The Institute of Race Relations (IRR) has invited the World Bank to engage in discussions on the kind of country South Africa could be if it adopted market-friendly, pro-growth, and pro-enterprise policies. 

The invitation is contained in a letter sent to the World Bank yesterday, following the publication last week of the bank’s report, Driving Inclusive Growth in South Africa, which identifies BEE as an anti-growth policy. Attached to the correspondence were three of the IRR’s eight Blueprint for Growth papers on how South Africa can unleash real economic growth. 

Says IRR Campaign Manager Makone Maja: “The IRR’s invitation was sent the day after South Africa’s latest and worrying GDP figures for 2024 were published, showing anaemic growth in the year of 0.6%. To achieve what South Africa can be, to create wealth, empower job creators, enable entrepreneurs, and see all South Africans become empowered consumers, we need 7% GDP growth every year. This is an ambitious but achievable growth target, if all pro-poverty policies, like BEE, are seen for what they are − investment disincentives, destroyers of wealth, and anti-enterprise policies – and scrapped.” 

Both the World Bank report and the IRR’s Blueprint for Growth papers flag race-rigged policies like BEE as barriers to economic growth in South Africa – with the poorest suffering the most from a weak economy with scarce and politically manipulated opportunities for socio-economic advancement. 

Says Maja: “Yet, instead of engaging constructively with the credible and empirically argued case against BEE, as presented by both the World Bank and the IRR, we have seen the peddlers of poverty use all manner of misguided and dishonest invective to try to undermine the pro-growth argument and the organisations that advance it. CEO of the Black Business Council Kganki Matabane is a glaring example of this. While ignoring the reality that BEE has worsened the livelihoods of the poorest while creating some of the wealthiest black South Africans the country has seen, and has cost our country vital job-creating investment, Matabane has the gall to suggest that the socio-economic reality validates BEE as an effective redress policy. 

“The reality could not be further removed from any such cynical rationalisation of BEE’s failures. The manufactured taboo status of BEE as a key to the economic upliftment of South Africa’s poor must be called out for its inherent dishonesty – and the IRR is glad the World Bank has seen fit to do so. Matabane himself bemoans the poverty that millions of South Africans endure, yet seems unwilling to ask why, after more than two decades of BEE, the vast majority of South Africans are no nearer to being as comfortable as Mr Matabane evidently is himself, or the members of the Council he leads. 

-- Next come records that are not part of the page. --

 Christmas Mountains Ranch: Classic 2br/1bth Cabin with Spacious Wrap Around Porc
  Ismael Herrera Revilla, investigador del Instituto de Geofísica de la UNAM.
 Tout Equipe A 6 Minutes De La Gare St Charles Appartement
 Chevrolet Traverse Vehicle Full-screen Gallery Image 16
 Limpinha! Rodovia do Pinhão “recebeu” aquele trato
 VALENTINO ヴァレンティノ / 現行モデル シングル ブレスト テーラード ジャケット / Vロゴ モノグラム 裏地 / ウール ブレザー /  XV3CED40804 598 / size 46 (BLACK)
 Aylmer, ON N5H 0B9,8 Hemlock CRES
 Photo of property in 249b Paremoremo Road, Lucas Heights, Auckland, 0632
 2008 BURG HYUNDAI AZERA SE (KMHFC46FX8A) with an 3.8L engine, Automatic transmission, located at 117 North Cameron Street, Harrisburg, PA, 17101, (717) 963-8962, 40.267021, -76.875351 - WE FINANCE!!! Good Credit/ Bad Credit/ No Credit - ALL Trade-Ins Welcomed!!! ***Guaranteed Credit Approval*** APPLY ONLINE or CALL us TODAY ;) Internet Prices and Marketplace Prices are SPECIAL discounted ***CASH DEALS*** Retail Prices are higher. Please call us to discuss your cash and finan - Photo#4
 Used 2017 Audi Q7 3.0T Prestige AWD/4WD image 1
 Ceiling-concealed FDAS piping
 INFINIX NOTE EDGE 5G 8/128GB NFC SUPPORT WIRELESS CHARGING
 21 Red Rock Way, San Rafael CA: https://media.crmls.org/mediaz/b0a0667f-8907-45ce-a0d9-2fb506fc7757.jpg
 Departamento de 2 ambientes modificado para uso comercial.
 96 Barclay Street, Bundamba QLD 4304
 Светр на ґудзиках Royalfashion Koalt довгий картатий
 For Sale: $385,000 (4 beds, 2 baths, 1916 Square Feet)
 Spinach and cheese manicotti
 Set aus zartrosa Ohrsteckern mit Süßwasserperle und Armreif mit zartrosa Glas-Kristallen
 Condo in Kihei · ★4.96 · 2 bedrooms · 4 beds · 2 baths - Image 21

“To further the case against a policy that cynically exploits the poor while enriching only a connected elite, the IRR will engage high-ranking government and parliamentary officials over the coming weeks to promote a new vision of #WhatSACanBe. It is possible for the forces of freedom and prosperity to finally defeat the agents of poverty and indifference – but only if we dismantle the barriers to growth that are holding our country back. BEE is such a barrier. It’s time for it to fall.”

Click here to read the IRR’s letter to the World Bank.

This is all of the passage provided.